Morocco’s Minister of National Education, Pre-School, and Sports Chakib Benmoussa announced on Tuesday that his ministry plans to increase the number of English teachers this academic year in an advance toward the roll out of English teaching within middle schools.
“Starting from this school year, our goal is to first, at the middle school level, reinforce students’ learning of the English language,” the minister said at a press conference. “We will increase the number of English teachers.”
Benmoussa added that his ministry considers creating platforms that can help students master the English language.
Morocco's efforts to advance English teaching coincide with the country's growing diplomatic tensions with France over visa rejection issues and lack of French support over the Moroccanness of Western Sahara.
The North African country now has less than 9,000 English teachers employed across 2,200 schools in the country, but the minister insisted the number will considerably go up in the coming semesters and years.
Benmoussa’s announcement comes as many Moroccans call for ditching French and replacing it with English as the main foreign language in Moroccan schools to prepare young Moroccans for one of the requirements of the ever-competitive global economy.
While the Moroccan Education Minister did not particularly nod to the “Shift to English” movement, he also made the case that English teaching will broaden Moroccan students' opportunities by giving them access to more countries and to quality education across public and private institutions.
Eight million Moroccan students returned to school on September 5, with 6.9 million students enrolled in public schools and 1.1 million in private schools, Benmoussa detailed.
In April, months before the back-to-school period, Morocco’s Minister of Higher Education Abdellatif Miraoui presented the “National Plan to Accelerate the Transformation of the Ecosystem.” The education plan called for improving language learning, promoting digital technology, and enhancing skills required in the job market.
English learning was at the center of the scheme, with Moroccan universities having announced plans to require students to receive a minimum B1 level --lower intermediate level-- in the IELTS or TOEFL qualifications to receive their undergraduate diploma.
Morocco’s decision to advance nationwide English teaching at different grades has been interpreted by some observers as indicating the country’s gradual shift towards cutting ties with French, the language of its former colonizer.
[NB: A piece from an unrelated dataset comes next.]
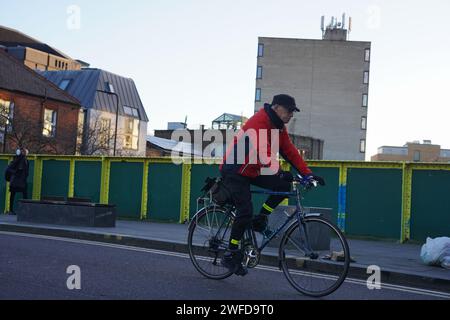 Ein weißer Radfahrer pendelt in Hackney in der frühen Wintersonne und überquert den Regent's Canal. Er trägt eine rote Jacke und eine Mütze. Stockfoto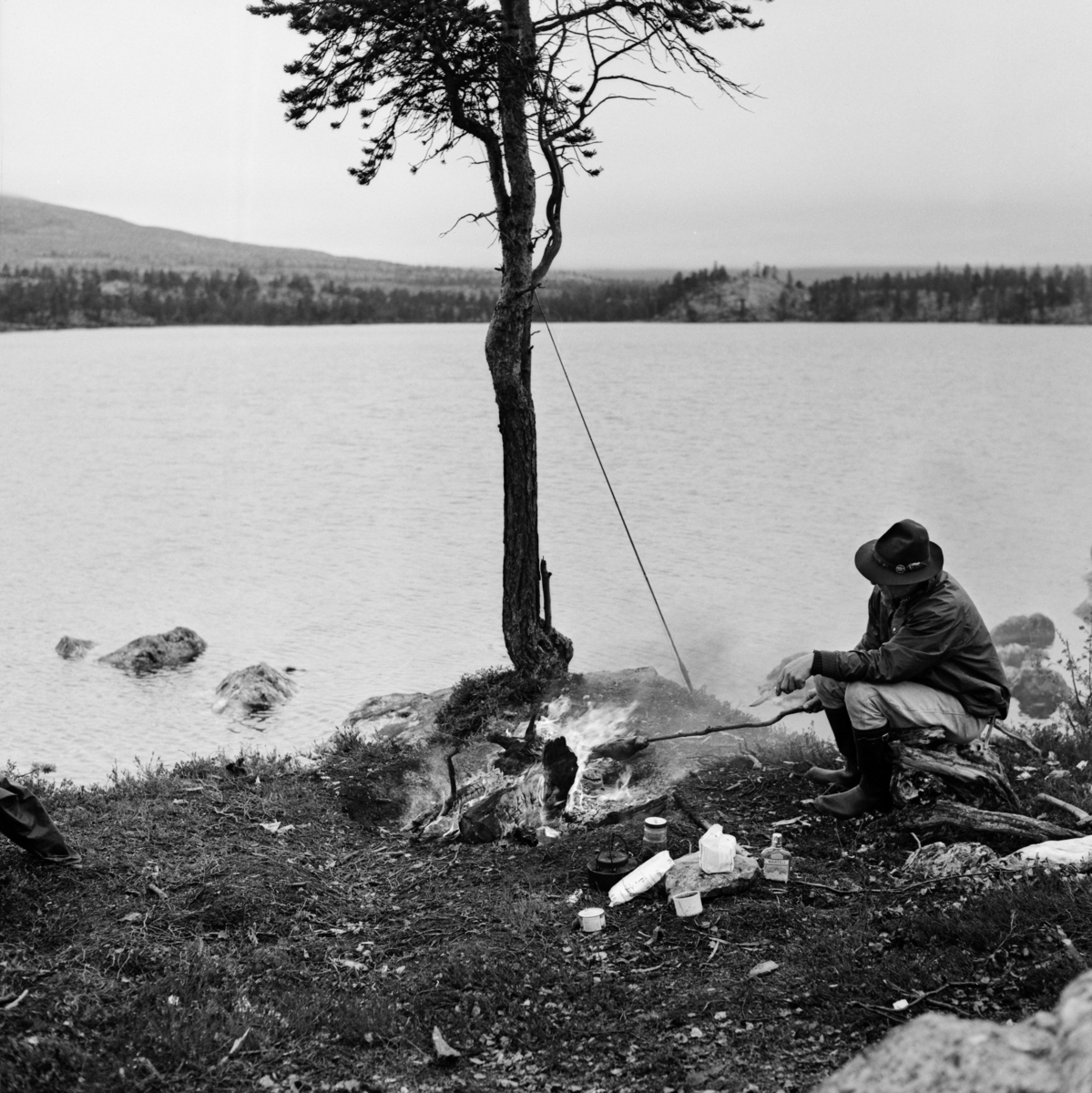 Grilling av fisk vet et av vatna i Femundsmarka.  Fotografen er tatt på stranda, der fiskeren hadde tent seg et bål hvor han grillet en av fiskene han hadde fått over åpen ild.  Han satt på en stubbe med fisken tredd inn på ei grein.  På bakken foran mannen og bålet ser vi en del andre nærings- og nytelsesmidler fiskeren hadde med seg, blant annet en kaffekjel og ei brennevinsflaske.  Mannen hadde ei lys bomullsbukse, mørk vindjakke og en vidbremmet hatt på seg.  På beina hadde han langskaftete gummistøvler.  Bak bålet hadde han reist fluestanga si mot ei lita furu som vokste like ved vannkanten.  Fotografiet ble tatt i 1966.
But others have simply welcomed the reform as needed and long-overdue, arguing matter-of-factly that it meets the competitive demand of the global market.
However, recent studies have confirmed Morocco’s low aptitude in the English language, showing Moroccan schools’ unreadiness to entirely shift to English teaching.
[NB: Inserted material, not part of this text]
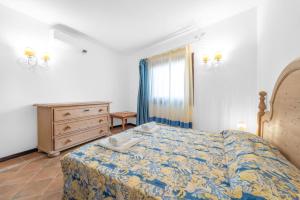 a bedroom with a bed and a dresser and a window at -Vista Mare- Casa con piscina e spiaggia a 300 MT in Liscia di Vacca +21 photos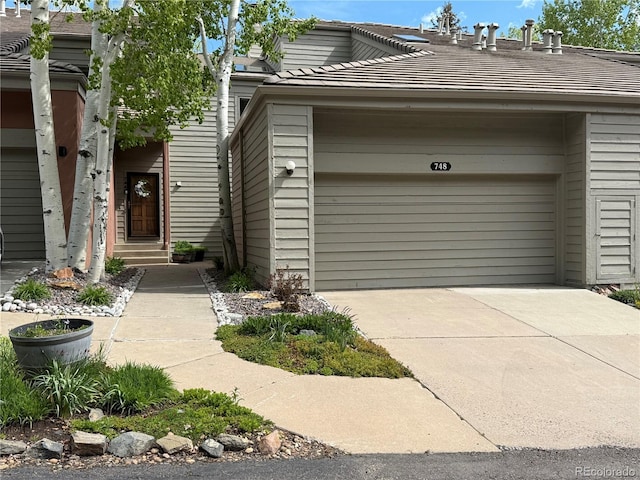 748 Ridgeside Dr, Golden, CO 80401 - entrance to property with a garage and concrete driveway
Despite the increasing popularity of English among young Moroccans, Morocco received in 2021 a “low” ranking in the English proficiency index, ranking 71st out of 112 countries evaluated.
To reverse this trend, the recent partnership between Morocco and the British Embassy in Rabat has worked on both promoting English among young Moroccans and furthering their mastery of the language.
The partnership appears to have borne fruit, with the British Council in Morocco concluding in a study last year that “English is expected to become Morocco’s primary foreign language in the next five years, as well as the foreign language most widely spoken among youth.”